**Problem statement**
The listing below holds a line with "Volvo FH 460, double sleeper" and a later line with "1045 TOWER CRESCENT". Write out those two lines and every line between them, exactly, and nothing else.
[Opening Source records section]
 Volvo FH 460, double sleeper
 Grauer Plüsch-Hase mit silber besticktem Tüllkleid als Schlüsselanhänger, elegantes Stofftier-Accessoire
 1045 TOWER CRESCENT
[Closing Source records section]
[Opening Source records section]
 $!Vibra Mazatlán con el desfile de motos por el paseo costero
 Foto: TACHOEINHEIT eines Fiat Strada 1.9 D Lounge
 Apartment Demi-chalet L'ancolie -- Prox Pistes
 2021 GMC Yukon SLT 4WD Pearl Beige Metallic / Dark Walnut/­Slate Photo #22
[Closing Source records section]
**Answer to this task**
 Volvo FH 460, double sleeper
 Grauer Plüsch-Hase mit silber besticktem Tüllkleid als Schlüsselanhänger, elegantes Stofftier-Accessoire
 1045 TOWER CRESCENT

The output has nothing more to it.